Doug Gwyn (gwyn@smoke.brl.mil) writes:
>In article <s64421.668684042@zeus> s64421@zeus.usq.EDU.AU (house ron) writes:

>>The idea is to have the newline typed after the number put into c.
>>However, Quick C version 2.5 requires that the user type TWO newlines
>>before any output is produced.

>Assuming that that behavior persists after you change the program to be
>strictly conforming to the C standard, it would be an error in the
>Quick C implementation, rendering it not standard conforming.

I assume you refer to the discussion in section 7.9.3 (Library,
Input/Output <stdio.h>, Files). If stdin is interactive, it cannot be
fully buffered in a conforming implementation. There is some wording
about how characters "are intended to" be transmitted to and from the
host environment under the various buffering schemes, but that part
seems to be very careful not to promise anything.

If the Standard was intended to bind conforming implementations on the
exact behaviour of line buffered input from terminals, it should come
out and say so.

--
Lars Mathiesen, DIKU, U of Copenhagen, Denmark      [uunet!]mcsun!diku!thorinn
Institute of Datalogy -- we're scientists, not engineers.      thorinn@diku.dk

gwyn@smoke.brl.mil (Doug Gwyn) (03/30/91)

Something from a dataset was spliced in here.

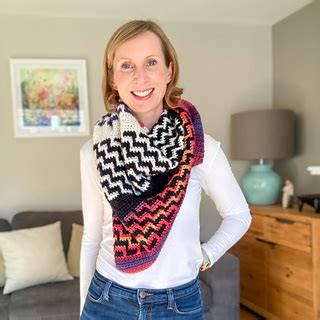 Ravelry Sedona Mosaic Shawl Pattern By Sarah Ruane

In article <1991Mar29.220525.3927@odin.diku.dk> thorinn@diku.dk (Lars Henrik Mathiesen) writes:
>I assume you refer to the discussion in section 7.9.3

I know about that; I helped come up with the wording for it.
I interpreted the original posting as saying that Quick C was
consuming an extra newline.  That is NOT expected behavior,
even if one could get around it by announcing that as part of
"the way that terminals interpret newlines" in the implementation.